何とか拘束から逃れたエースは自分の右頬が切り裂かれていることに気づき血を拭った。
爆炎に包まれていたJOKERは炎上していたコートを脱ぎ捨てると、焦げた髪の毛をかき上げて嗤った。
全身火傷に、ピンポイントの火銃を受けた場所は炭化している用にも見える。常人なら間違いなく死んでいる状態で嗤ってみせたJOKERは先ほどの焼き回しのように突っ込んできた。
『蛍火』
両手から放たれたいくつもの炎の弾を、また同じように全身に浴びながら距離を詰め、
『火達磨』
それら全てが火力を上げて、全身を覆い尽くした。
完全に炎上しながらその歩みは決して止まらず、JOKERの赤い瞳がエースを貫く。
同じ事は繰り返さない。エースも進んでくるJOKERに合わせて今度は攻撃を放つ。この一撃で決めるという思いが込められた一撃が周囲全てに熱波を放った。
『火拳』
「残念、俺は回避が嫌いなだけで、できないわけじゃない。人間はそんなもん喰らったら死んじまう。HAHAHA」
派手な爆炎の中、振りの大きさを利用した回避で気づかれないうちに背後に回られていたエースは腹部と背部に熱を感じた。

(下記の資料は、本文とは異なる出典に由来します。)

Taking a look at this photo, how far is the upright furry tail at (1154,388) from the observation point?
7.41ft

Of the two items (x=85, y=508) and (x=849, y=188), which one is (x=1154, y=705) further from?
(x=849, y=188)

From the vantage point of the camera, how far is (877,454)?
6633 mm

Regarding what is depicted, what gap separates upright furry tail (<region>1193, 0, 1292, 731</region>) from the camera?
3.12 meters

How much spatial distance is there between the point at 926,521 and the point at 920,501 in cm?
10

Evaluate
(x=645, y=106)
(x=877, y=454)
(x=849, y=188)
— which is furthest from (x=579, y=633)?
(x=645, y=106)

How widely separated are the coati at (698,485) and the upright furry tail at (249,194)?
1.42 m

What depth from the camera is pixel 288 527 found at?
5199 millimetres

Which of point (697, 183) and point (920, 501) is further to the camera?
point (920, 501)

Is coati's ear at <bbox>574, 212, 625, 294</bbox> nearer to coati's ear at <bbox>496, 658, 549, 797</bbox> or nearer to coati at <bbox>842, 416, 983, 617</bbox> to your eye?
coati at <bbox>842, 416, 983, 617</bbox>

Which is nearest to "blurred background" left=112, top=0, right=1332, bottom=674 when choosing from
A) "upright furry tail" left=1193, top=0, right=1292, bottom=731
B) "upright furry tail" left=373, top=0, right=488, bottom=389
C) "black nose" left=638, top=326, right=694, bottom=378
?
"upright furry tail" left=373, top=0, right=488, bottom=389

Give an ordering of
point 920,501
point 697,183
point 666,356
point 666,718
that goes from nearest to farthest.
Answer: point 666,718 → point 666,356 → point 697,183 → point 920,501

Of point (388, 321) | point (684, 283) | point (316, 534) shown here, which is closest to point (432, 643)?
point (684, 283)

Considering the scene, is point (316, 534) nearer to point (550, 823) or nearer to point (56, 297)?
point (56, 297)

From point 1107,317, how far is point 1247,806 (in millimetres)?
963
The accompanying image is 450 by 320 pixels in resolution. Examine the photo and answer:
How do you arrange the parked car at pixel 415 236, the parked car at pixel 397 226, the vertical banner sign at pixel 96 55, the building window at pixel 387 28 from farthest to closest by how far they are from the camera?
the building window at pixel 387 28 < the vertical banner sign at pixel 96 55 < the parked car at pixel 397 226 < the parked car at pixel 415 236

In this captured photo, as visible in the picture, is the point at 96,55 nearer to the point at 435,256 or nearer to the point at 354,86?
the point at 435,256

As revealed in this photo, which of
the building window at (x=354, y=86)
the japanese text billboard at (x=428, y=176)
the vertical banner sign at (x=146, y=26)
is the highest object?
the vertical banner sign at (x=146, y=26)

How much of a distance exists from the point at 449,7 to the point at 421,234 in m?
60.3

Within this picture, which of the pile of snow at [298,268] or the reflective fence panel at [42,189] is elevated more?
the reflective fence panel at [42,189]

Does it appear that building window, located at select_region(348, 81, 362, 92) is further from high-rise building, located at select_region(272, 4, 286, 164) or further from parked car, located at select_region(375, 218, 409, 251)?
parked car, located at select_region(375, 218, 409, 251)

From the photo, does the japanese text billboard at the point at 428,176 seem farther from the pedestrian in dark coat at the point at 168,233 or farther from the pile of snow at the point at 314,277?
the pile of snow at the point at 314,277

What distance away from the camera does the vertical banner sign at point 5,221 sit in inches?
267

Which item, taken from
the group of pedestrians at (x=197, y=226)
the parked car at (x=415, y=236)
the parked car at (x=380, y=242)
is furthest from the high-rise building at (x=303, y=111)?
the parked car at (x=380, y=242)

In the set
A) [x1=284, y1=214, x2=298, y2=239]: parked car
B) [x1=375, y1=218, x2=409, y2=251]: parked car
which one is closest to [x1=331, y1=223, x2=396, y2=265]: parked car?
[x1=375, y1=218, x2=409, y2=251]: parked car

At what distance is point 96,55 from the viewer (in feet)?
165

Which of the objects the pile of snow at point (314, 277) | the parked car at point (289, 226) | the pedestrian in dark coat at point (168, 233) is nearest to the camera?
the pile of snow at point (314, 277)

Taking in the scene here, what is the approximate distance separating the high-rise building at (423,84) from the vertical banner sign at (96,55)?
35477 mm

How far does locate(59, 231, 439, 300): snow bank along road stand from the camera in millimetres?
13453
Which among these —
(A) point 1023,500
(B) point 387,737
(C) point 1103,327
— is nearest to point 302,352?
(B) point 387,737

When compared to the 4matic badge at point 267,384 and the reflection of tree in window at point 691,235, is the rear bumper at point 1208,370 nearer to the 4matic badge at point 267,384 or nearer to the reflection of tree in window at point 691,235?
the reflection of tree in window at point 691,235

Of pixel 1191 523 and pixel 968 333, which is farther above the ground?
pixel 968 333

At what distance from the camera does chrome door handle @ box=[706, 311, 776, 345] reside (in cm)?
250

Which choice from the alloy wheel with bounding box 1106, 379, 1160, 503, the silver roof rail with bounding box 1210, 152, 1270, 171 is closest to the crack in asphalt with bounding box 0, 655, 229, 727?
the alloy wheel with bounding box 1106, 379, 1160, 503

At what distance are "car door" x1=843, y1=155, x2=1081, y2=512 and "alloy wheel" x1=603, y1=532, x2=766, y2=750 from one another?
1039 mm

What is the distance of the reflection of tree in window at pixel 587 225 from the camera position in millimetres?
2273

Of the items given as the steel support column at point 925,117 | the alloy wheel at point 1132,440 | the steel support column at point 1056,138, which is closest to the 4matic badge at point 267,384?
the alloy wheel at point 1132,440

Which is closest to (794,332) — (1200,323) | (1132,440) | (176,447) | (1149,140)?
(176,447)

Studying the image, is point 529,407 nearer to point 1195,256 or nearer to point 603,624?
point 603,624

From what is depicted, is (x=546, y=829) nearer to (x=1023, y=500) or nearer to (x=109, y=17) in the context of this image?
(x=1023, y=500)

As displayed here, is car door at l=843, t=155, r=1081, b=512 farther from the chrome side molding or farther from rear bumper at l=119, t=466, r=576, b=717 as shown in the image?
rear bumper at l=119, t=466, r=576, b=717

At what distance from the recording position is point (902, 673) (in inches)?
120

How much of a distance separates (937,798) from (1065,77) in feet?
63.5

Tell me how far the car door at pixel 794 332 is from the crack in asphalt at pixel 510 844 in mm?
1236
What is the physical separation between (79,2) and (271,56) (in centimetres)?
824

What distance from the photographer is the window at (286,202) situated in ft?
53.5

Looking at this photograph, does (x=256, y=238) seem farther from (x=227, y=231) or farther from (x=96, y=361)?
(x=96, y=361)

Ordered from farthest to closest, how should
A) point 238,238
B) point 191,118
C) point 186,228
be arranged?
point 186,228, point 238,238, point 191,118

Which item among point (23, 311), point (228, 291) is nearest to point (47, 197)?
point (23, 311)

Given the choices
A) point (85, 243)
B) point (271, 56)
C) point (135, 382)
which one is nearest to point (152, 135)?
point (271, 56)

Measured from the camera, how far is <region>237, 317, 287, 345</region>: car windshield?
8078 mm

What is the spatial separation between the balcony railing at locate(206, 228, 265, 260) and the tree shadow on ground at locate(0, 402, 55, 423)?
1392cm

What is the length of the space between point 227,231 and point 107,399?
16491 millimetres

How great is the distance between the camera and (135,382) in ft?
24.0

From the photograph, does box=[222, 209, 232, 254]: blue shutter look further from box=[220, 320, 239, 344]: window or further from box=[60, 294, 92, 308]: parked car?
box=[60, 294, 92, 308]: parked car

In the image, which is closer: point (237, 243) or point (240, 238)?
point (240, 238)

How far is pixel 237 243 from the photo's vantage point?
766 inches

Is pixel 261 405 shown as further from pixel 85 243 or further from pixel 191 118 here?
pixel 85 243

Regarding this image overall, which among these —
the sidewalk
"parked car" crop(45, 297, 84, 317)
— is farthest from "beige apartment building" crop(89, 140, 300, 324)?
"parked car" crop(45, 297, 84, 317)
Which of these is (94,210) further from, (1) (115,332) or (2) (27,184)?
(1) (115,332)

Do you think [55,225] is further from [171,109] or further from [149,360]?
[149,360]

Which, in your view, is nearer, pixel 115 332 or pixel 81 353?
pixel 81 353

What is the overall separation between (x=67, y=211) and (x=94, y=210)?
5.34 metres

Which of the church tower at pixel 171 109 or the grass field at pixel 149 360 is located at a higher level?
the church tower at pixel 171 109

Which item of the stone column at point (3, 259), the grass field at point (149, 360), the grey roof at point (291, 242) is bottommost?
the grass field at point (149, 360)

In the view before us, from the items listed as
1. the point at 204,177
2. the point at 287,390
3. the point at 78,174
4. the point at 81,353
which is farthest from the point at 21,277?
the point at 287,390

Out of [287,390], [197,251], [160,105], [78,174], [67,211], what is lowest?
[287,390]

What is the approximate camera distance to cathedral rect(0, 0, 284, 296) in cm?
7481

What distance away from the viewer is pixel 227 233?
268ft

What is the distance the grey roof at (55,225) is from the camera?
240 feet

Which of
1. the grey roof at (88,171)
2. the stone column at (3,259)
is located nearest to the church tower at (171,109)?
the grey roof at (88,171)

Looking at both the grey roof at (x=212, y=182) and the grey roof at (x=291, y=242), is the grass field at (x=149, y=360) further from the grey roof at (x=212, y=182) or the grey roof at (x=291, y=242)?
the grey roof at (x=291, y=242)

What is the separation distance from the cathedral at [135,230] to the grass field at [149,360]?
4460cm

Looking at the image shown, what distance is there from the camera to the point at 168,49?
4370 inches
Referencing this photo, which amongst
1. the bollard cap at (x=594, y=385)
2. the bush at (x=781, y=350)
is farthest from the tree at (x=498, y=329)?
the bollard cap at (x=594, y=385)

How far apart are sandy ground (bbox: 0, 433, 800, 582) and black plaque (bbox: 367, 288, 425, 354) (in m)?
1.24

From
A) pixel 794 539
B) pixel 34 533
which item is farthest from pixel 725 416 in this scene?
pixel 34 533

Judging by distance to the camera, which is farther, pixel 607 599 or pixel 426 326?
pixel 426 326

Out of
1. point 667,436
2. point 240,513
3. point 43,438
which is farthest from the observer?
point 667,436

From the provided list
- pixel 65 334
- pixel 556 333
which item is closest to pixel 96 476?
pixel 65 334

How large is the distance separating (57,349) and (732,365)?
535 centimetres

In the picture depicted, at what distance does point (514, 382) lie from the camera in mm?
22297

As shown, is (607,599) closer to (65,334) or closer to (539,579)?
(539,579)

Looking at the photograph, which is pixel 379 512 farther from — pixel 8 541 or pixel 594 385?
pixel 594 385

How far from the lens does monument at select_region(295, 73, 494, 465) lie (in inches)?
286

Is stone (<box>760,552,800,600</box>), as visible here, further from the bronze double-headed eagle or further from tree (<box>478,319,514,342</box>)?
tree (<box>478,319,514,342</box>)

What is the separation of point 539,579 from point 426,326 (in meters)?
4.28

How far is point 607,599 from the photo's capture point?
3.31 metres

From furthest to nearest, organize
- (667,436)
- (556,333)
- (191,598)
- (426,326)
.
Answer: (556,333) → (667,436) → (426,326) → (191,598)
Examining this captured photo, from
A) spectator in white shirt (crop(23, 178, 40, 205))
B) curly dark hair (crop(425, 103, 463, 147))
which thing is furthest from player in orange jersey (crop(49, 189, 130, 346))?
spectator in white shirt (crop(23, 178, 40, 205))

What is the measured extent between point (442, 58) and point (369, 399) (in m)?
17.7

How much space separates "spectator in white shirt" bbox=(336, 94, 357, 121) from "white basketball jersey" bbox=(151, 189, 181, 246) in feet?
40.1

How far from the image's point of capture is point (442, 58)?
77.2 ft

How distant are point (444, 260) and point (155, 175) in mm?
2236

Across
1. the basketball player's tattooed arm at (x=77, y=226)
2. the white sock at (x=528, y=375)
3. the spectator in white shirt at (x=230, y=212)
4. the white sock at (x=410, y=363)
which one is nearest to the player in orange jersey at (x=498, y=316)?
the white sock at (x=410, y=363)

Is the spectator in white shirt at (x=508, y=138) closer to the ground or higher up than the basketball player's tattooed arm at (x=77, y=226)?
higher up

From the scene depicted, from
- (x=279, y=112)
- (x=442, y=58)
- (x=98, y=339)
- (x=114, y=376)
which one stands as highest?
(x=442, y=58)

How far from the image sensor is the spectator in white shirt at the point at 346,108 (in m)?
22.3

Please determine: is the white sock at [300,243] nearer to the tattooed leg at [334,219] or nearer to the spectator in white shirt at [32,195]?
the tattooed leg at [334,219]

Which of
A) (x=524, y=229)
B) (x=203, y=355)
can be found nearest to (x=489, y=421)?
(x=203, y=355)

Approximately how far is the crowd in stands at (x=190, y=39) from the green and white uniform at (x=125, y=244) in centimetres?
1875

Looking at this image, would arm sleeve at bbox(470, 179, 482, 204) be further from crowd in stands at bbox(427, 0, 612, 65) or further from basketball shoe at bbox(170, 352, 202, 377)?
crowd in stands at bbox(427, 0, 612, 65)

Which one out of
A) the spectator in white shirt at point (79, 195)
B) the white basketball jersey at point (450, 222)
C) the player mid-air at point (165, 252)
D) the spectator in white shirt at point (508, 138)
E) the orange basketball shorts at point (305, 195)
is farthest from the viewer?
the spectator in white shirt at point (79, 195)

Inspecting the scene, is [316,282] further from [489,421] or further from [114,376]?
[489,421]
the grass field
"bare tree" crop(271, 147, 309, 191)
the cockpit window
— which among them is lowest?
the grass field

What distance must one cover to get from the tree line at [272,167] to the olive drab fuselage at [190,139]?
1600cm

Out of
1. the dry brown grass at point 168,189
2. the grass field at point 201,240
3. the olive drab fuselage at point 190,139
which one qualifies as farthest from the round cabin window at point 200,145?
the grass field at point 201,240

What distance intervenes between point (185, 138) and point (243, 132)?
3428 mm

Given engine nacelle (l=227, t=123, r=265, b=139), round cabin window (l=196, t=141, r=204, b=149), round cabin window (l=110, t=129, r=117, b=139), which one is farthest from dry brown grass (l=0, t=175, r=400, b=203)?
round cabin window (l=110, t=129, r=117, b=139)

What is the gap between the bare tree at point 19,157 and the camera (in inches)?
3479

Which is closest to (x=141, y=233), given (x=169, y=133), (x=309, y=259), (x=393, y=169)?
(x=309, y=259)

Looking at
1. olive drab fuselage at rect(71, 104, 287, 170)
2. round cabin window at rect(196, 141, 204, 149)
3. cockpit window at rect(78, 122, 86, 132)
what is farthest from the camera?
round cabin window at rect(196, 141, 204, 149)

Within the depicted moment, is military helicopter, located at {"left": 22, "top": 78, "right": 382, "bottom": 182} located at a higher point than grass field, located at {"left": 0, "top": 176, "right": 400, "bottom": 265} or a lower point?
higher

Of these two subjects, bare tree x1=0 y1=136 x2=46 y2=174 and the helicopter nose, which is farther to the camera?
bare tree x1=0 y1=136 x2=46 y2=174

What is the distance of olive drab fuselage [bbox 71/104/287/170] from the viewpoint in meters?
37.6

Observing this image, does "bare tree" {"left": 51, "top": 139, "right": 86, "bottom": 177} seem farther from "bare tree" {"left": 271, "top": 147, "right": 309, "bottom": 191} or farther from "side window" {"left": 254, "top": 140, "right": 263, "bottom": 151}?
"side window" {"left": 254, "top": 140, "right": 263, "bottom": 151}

腹に一本、背中に一本そこまで大きいわけではないが、致命傷には十分な刃渡りのナイフが突き刺さっていた。
一瞬のうちに海に向かって投げ飛ばされていて、何とかしようと能力を使おうとしたが、それすらできずに海に墜ちた。
「「エース!!」」
船長を助けようと海に走りだそうとした連中はCP9にすぐさま取り押さえられた。
「全員動けなくしてから、船長の後を追わせてやれ」
縄に縛られて海に投げ込まれた彼らの視界に最後に見えたのは海を自在に泳ぐナニカだった。